Restate verbatim the span of lines below between the line with "アイドリッシュセブン アニメイトカフェ 記念日2024 コロッタ　四葉環" and the line with "Plumbing Maintenance New River, AZ", including those two lines, and only that span.

(MATERIAL FOR THIS EXERCISE begins)

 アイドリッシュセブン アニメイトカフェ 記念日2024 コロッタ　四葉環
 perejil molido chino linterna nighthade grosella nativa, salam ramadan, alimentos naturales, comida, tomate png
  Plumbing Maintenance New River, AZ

(MATERIAL FOR THIS EXERCISE ends)
(MATERIAL FOR THIS EXERCISE begins)

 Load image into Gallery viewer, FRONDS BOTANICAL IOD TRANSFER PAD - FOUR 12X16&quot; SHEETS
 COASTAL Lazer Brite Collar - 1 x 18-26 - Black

(MATERIAL FOR THIS EXERCISE ends)
(MATERIAL FOR THIS EXERCISE begins)

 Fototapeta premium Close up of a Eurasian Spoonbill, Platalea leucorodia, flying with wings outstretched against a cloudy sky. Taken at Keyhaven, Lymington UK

(MATERIAL FOR THIS EXERCISE ends)

> **WRITTEN SOLUTION**
 アイドリッシュセブン アニメイトカフェ 記念日2024 コロッタ　四葉環
 perejil molido chino linterna nighthade grosella nativa, salam ramadan, alimentos naturales, comida, tomate png
  Plumbing Maintenance New River, AZ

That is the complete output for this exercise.